The RAND table has to be on the DATA statement, as it is updated in the MODIFY/REPLACE statements.

You may need to change the variable names, I did not copy yours exactly.

If you have some mentees with a high level, you may get a few records in the NOT_FOUND table. But if your data contains a reasonable number of high-value mentors, you can try running again (you will have to drop the RAND table first) until you get 0 records in NOT_FOUND. Or you can sort the mentees by descending level before the last data step, that should do the job in all cases where there are suitable mentors for all mentees.

This is great, thank you so much!!  That looks like it will meet my needs and I appreciate your time in looking into this!!  

Hi!  This logic/code has been a great learning experience for me! Thank you so much.

I have a question, because I do need to run it again.  After the first run, about half of the mentees were assigned mentors.  In the resulting rand table there are still plenty of mentors that can be assigned to the mentees in the not_found datasets.

When I run it the first time it works great.  Then I remove the mentors and mentees who have been matched up and recreate the rand dataset based on the remaining mentors.  There should be additional matches but it's not finding any. 

Can you help me understand how I rerun the process and drop the rand table?  Sorry if I'm missing something obvious!

No idea. You will probably have to show your log if I should help more.

Maybe you should try my other suggestion: sort the mentees by descending level before running the job. That may help.

No luck with the sorting, unfortunately.  I don't know if you feel like looking at this once more for me, but if so, I've attached the log, code and actual datasets.  Note there are more mentors than mentees so not every mentor will be assigned a mentee.  Thanks for any additional time you can give me on this!

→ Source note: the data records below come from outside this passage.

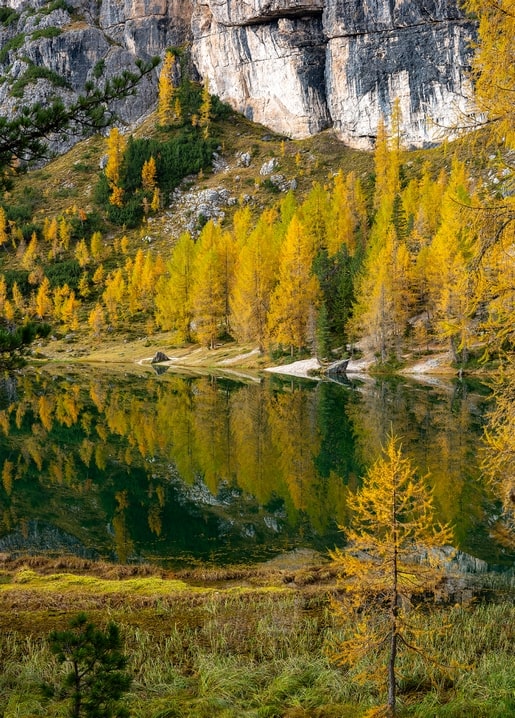 autumn photo postcard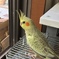 カゴデビュー
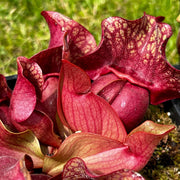 Sarracenia Purpurea Subsp. Venosa Var. Burkii - Chipola Giant Dr. Eberhard König (Chipola River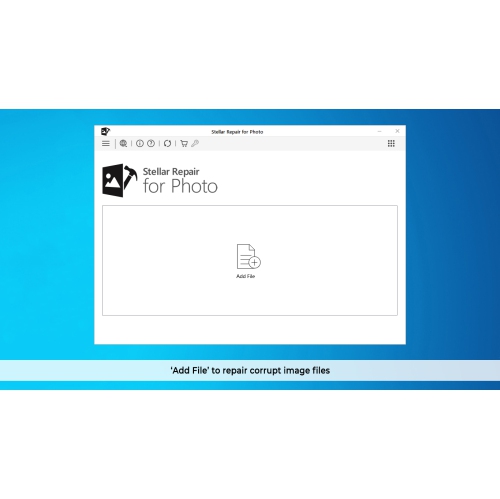 Stellar Photo Recovery Software | Windows | Professional| Recover Deleted Photos | 1 PC 1 Year |- Digital Download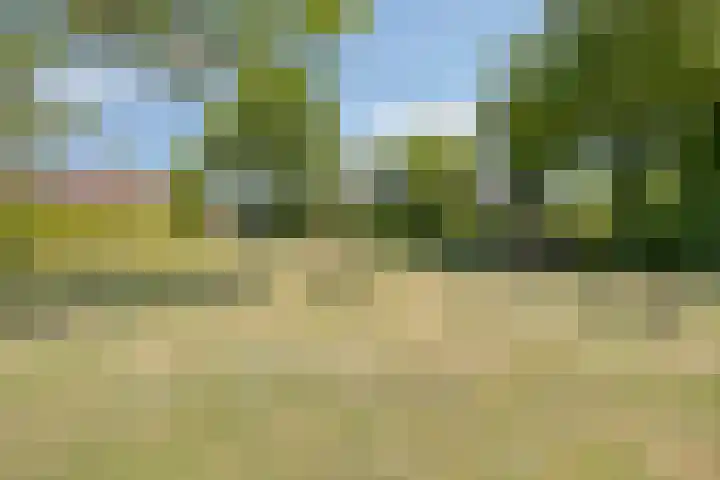 Welpenheuvel 26 De Mortel thumbnail 51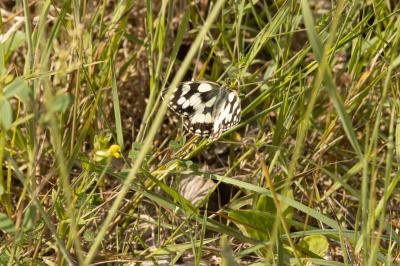 <i>Melanargia galathea</i>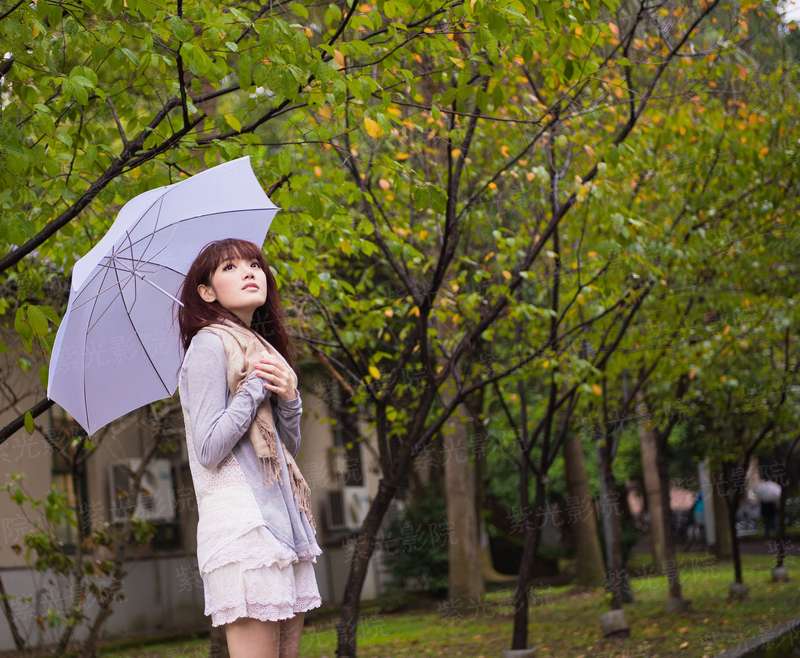 仙君多娇：桃花如此作妖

Thinking a bit more about it:

If you have run the first time and too many high-level mentors have been taken by low-level mentees, there may not be enough high-level mentors to go around. My suggestion is that you try starting all over again (throw out the random assignments made so far) with the original tables. This time sort the mentees by descending level before the first run, that ought to do the trick.

If not, let me hear.